Leah’s work is multi-platform in nature and involves long-term engagement with communities across the globe ranging from remote river systems in South India to pacific island communities in Vanuatu. She leads several large-scale research projects including Biosphere Soundscapes, an interdisciplinary venture exploring the changing soundscapes of UNESCO Biosphere Reserves across the world and River Listening, which examines the creative possibilities of aquatic bioacoustics in collaboration with the Australian Rivers Institute.
Leah’s diverse creative practice has resulted in a career where she works as a researcher, artist, consultant and educator with various organisations and institutions. These include designing immersive education programs for UNESCO, directing large-scale interdisciplinary research projects for major universities across Australia and the USA and facilitating partnerships between communities, NGOs and government to explore creative approaches to climate action. She regularly guest lectures for international universities including NYU, Brown University and The Art Institute of Chicago.
Leah is the president of the Australian Forum for Acoustic Ecology, the vice-president of the World Forum of Acoustic Ecology and serves on the board of a range of arts and environmental organisations. She is currently a postdoctoral research fellow at the Queensland Conservatorium Research Centre where she is leading a portfolio of research exploring the value of acoustic ecology as a socially engaged, accessible, interdisciplinary field that can inspire communities across the world to listen to the environment.
Mark Cocker is an author of creative non-fiction. He is also a naturalist and environmental tutor, who writes and broadcasts on nature and wildlife in a variety of national media.

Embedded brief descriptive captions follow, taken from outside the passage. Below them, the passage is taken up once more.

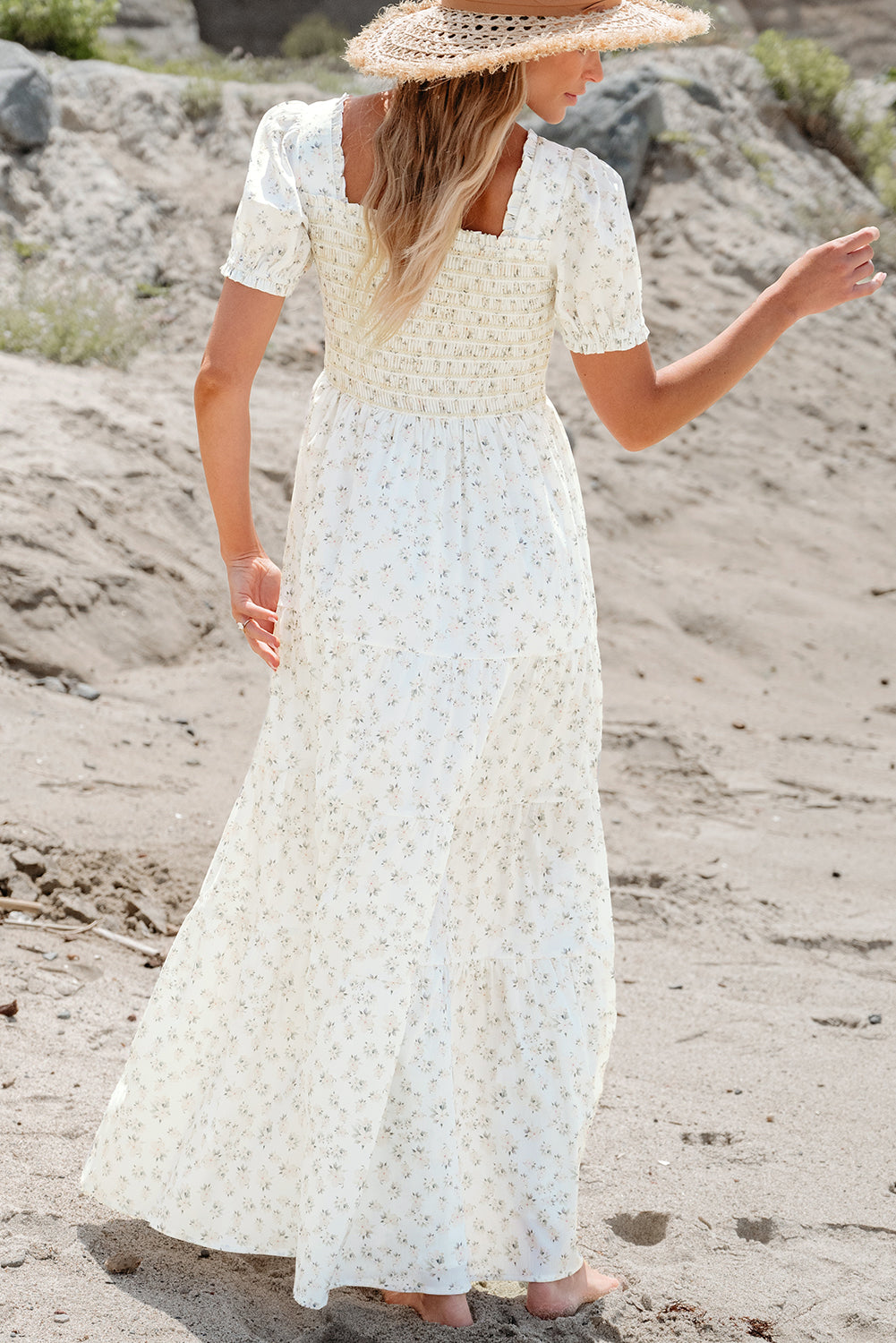 White Floral Maxi Dress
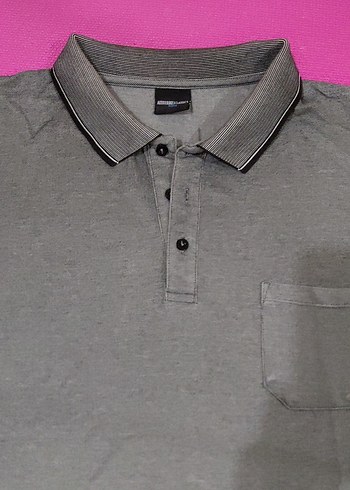 Erkek Gri Düğmeli Polo Yaka Tişört 4×L - Görsel 3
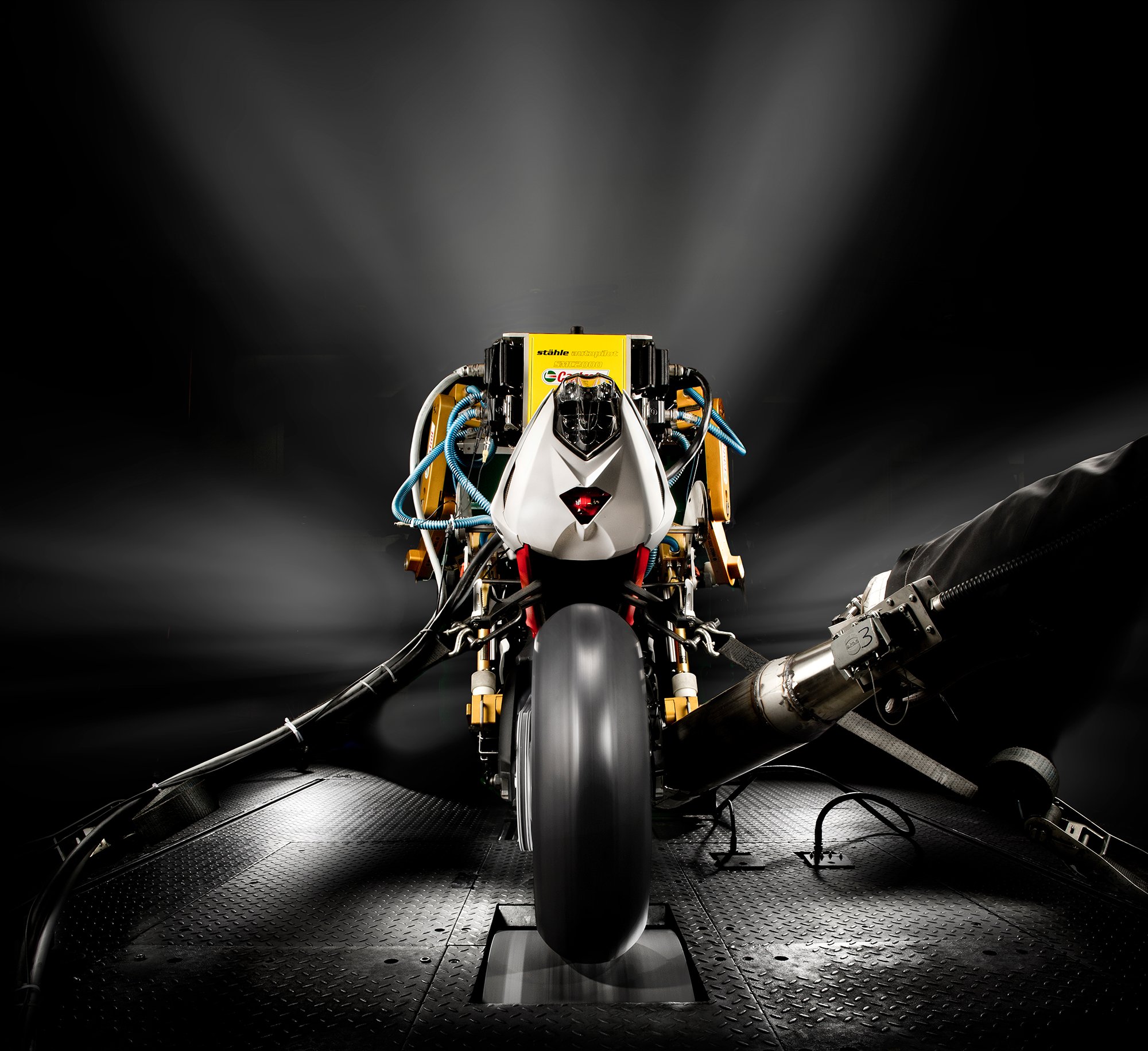 Rear view of a Robot on a motorbike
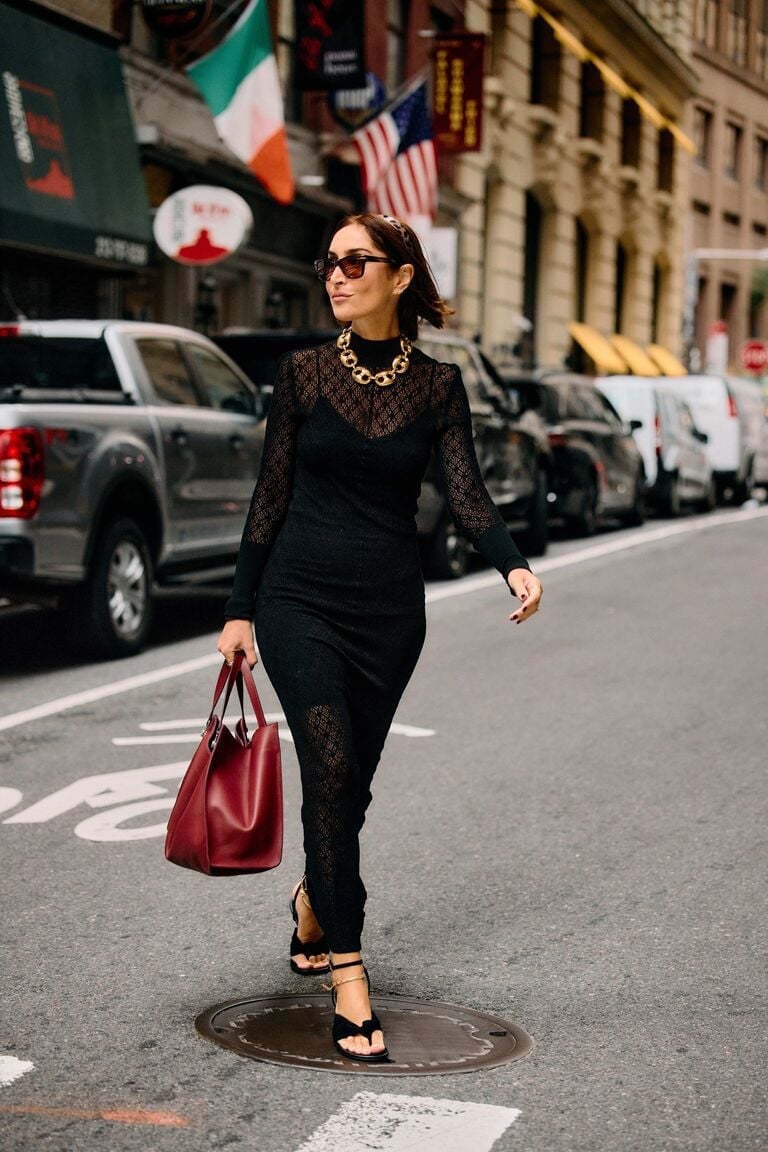 Black Lace Jumpsuit With Gold Chain Necklace — Classy Theater Outfits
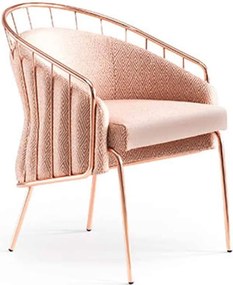 Scaun lemn masiv Anette Cadru Metalic Rose-Gold, 65 × 63 × 81 cm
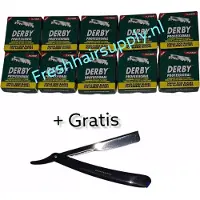 Derby Voordeelverpakking professioneel scheermesjes single edge - ( 10x100 mesjes) - 10 pakjes van 100 mesjes + Gratis Klapmes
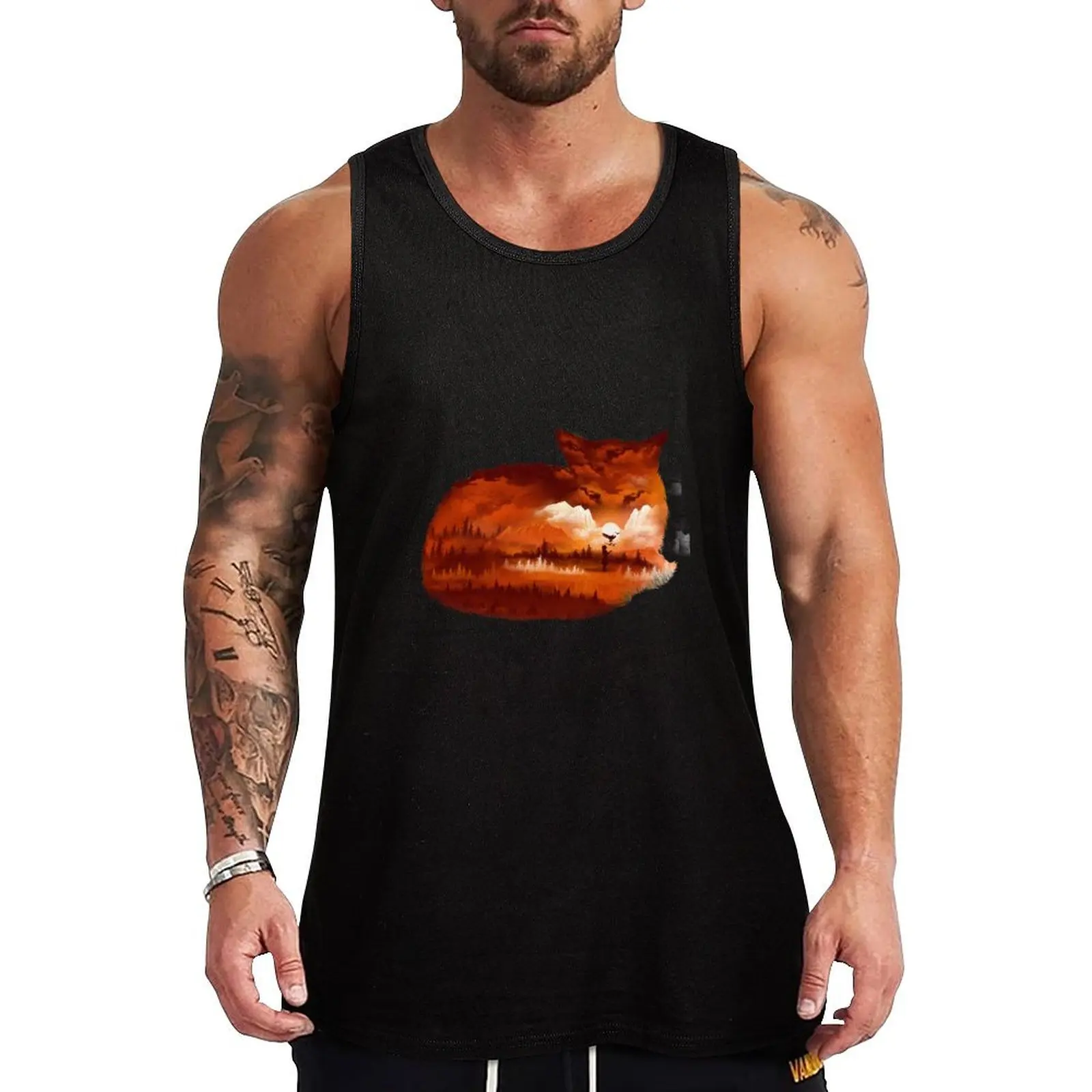

The Girl in the Red Forest Tank Top sleeveless jackets gym for men Japanese t-shirt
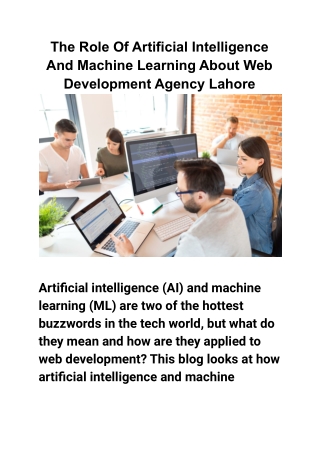 The Role Of Artificial Intelligence And Machine Learning About Web Development Agency Lahore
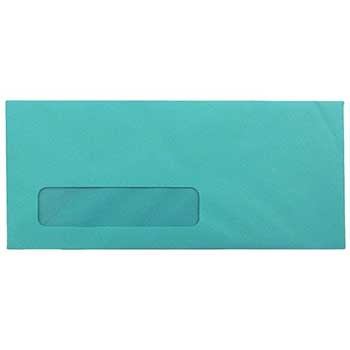 JAM Paper Business Colored Window Envelopes, #10, 4 1/8&quot; x 9 1/2&quot;, Sea Blue Recycled, 50/BX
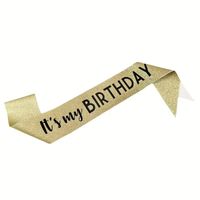 Banda cumpleaños escarchada It's my birthday dorada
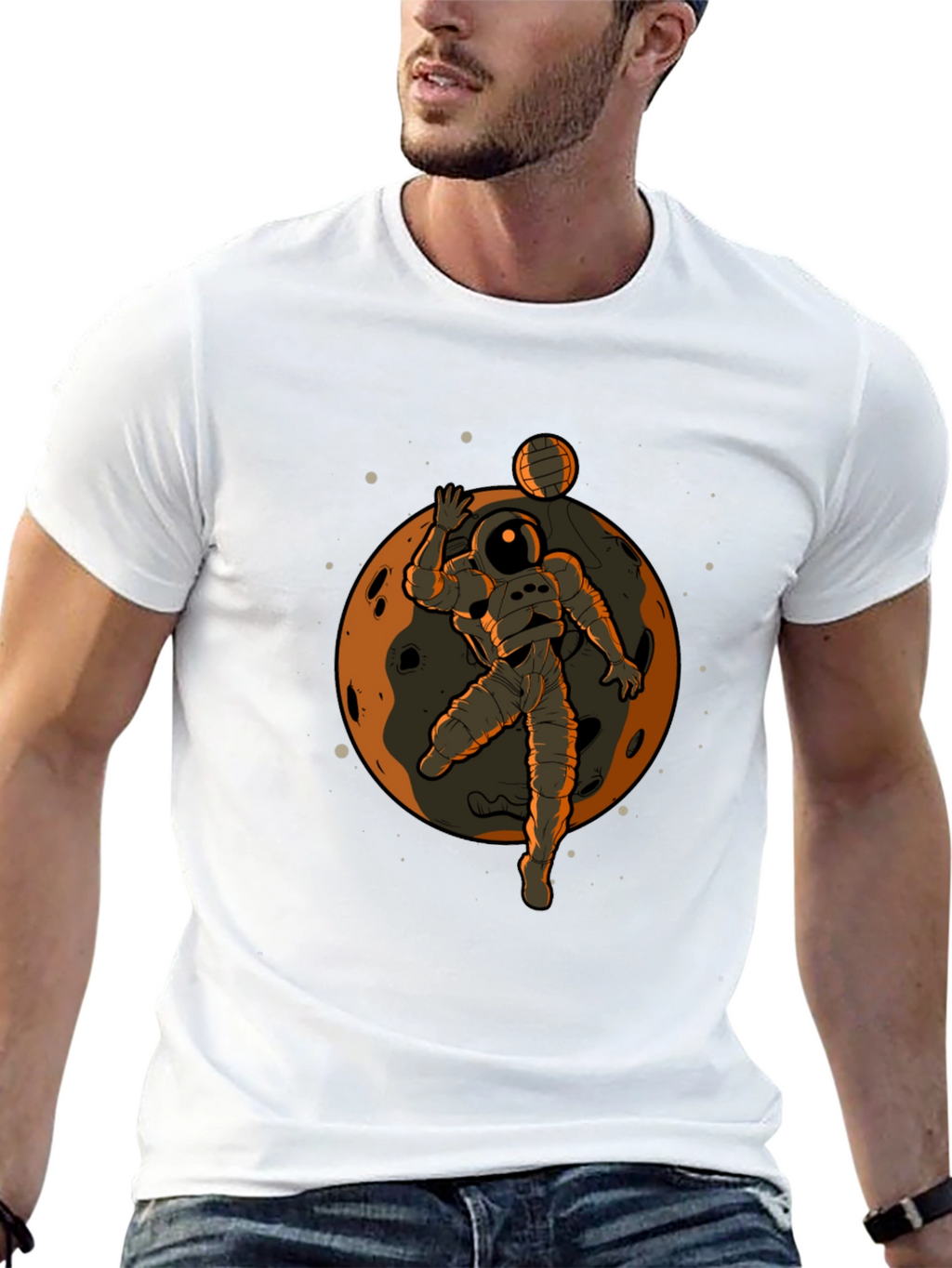 Astronaut Volleyball Graphic Tee - Black Cotton T-Shirt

In 2018 he released a new book Our Place (Cape), on the fate of British nature in the twentieth century, and completed 30 years as a Guardian country diarist.
His 11 other books include works of biography, history, literary criticism and memoir. They include Claxton: Field Notes from a Small Planet (2014) and Birds and People (2013). The latter was published to international acclaim and was a collaboration with the photographer David Tipling. Between them these two were shortlisted for six literary awards including the Thwaites/Wain-wright Prize. His book Crow Country was shortlisted for several awards, including the Samuel Johnson Prize, and won the New Angle Prize (2009). In 2016 he was awarded an Honorary Doctorate of Literature from the University of East Anglia.
He has travelled in more than 50 countries on six continents and in 1999 was awarded a Winston Churchill Travel Fellowship to study birds in magico-medicinal practices in Benin and Cameroon. For the last 35 years his home has been in Norfolk, where much of his spare time is devoted to the restoration of a small wooded fen called Blackwater. He is married to the arts professional Mary Muir, from whom he gets many of his best ideas!